_WHAT IS BEING ASKED_.
Search the listing below for the line containing "Полотенцесушитель водяной Stinox". From there through the line containing "Kinder Jonas Wind", transcribe every line exactly, both ends included.

*** Block opens ***

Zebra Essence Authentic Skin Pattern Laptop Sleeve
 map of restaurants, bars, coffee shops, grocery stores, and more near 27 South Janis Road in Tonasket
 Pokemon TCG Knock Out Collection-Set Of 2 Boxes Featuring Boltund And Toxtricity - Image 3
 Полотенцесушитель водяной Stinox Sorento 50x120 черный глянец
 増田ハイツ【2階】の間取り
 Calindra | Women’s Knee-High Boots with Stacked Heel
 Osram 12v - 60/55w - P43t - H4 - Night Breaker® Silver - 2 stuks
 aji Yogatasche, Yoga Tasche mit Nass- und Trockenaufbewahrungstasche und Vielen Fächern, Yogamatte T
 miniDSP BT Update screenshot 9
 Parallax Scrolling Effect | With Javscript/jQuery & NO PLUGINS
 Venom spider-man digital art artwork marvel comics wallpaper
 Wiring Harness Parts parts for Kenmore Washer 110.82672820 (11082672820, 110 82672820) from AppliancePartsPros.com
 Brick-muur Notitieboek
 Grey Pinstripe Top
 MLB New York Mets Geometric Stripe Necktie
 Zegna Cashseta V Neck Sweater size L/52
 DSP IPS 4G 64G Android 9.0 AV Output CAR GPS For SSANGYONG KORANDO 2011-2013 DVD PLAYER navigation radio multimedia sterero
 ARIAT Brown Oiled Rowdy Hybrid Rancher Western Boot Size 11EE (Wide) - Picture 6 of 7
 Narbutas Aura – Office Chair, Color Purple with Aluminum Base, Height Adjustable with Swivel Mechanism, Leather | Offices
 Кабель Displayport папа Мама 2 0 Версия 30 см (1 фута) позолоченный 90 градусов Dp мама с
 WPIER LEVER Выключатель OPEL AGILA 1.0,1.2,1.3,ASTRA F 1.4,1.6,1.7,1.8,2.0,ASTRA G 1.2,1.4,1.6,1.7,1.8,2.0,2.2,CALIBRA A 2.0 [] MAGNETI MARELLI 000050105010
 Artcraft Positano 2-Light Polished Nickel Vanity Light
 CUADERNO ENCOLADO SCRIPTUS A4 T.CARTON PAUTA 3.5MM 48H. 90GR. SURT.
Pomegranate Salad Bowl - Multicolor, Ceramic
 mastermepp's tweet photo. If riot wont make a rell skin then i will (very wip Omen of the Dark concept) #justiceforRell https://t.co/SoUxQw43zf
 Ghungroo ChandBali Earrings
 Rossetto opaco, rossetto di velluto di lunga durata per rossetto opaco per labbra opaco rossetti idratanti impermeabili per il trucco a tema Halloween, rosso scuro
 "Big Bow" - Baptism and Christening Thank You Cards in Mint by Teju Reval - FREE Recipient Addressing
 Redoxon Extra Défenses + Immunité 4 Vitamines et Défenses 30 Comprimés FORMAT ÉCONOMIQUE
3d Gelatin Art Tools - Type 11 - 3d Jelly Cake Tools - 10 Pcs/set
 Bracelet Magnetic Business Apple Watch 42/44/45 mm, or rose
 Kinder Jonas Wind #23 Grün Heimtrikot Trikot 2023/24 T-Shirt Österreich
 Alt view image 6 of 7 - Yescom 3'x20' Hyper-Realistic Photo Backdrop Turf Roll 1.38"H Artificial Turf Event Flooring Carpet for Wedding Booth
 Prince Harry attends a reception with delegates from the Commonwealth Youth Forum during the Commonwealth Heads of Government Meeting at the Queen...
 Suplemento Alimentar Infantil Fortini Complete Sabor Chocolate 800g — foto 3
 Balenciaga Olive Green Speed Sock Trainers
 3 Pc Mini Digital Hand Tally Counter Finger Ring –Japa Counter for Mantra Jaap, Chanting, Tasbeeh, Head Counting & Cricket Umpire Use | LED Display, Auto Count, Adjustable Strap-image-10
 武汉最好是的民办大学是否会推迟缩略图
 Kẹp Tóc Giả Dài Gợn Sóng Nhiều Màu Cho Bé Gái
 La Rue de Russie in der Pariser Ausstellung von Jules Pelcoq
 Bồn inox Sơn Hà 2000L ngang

*** Block closes ***

_ANSWER TO THE EXERCISE_.
 Полотенцесушитель водяной Stinox Sorento 50x120 черный глянец
 増田ハイツ【2階】の間取り
 Calindra | Women’s Knee-High Boots with Stacked Heel
 Osram 12v - 60/55w - P43t - H4 - Night Breaker® Silver - 2 stuks
 aji Yogatasche, Yoga Tasche mit Nass- und Trockenaufbewahrungstasche und Vielen Fächern, Yogamatte T
 miniDSP BT Update screenshot 9
 Parallax Scrolling Effect | With Javscript/jQuery & NO PLUGINS
 Venom spider-man digital art artwork marvel comics wallpaper
 Wiring Harness Parts parts for Kenmore Washer 110.82672820 (11082672820, 110 82672820) from AppliancePartsPros.com
 Brick-muur Notitieboek
 Grey Pinstripe Top
 MLB New York Mets Geometric Stripe Necktie
 Zegna Cashseta V Neck Sweater size L/52
 DSP IPS 4G 64G Android 9.0 AV Output CAR GPS For SSANGYONG KORANDO 2011-2013 DVD PLAYER navigation radio multimedia sterero
 ARIAT Brown Oiled Rowdy Hybrid Rancher Western Boot Size 11EE (Wide) - Picture 6 of 7
 Narbutas Aura – Office Chair, Color Purple with Aluminum Base, Height Adjustable with Swivel Mechanism, Leather | Offices
 Кабель Displayport папа Мама 2 0 Версия 30 см (1 фута) позолоченный 90 градусов Dp мама с
 WPIER LEVER Выключатель OPEL AGILA 1.0,1.2,1.3,ASTRA F 1.4,1.6,1.7,1.8,2.0,ASTRA G 1.2,1.4,1.6,1.7,1.8,2.0,2.2,CALIBRA A 2.0 [] MAGNETI MARELLI 000050105010
 Artcraft Positano 2-Light Polished Nickel Vanity Light
 CUADERNO ENCOLADO SCRIPTUS A4 T.CARTON PAUTA 3.5MM 48H. 90GR. SURT.
Pomegranate Salad Bowl - Multicolor, Ceramic
 mastermepp's tweet photo. If riot wont make a rell skin then i will (very wip Omen of the Dark concept) #justiceforRell https://t.co/SoUxQw43zf
 Ghungroo ChandBali Earrings
 Rossetto opaco, rossetto di velluto di lunga durata per rossetto opaco per labbra opaco rossetti idratanti impermeabili per il trucco a tema Halloween, rosso scuro
 "Big Bow" - Baptism and Christening Thank You Cards in Mint by Teju Reval - FREE Recipient Addressing
 Redoxon Extra Défenses + Immunité 4 Vitamines et Défenses 30 Comprimés FORMAT ÉCONOMIQUE
3d Gelatin Art Tools - Type 11 - 3d Jelly Cake Tools - 10 Pcs/set
 Bracelet Magnetic Business Apple Watch 42/44/45 mm, or rose
 Kinder Jonas Wind #23 Grün Heimtrikot Trikot 2023/24 T-Shirt Österreich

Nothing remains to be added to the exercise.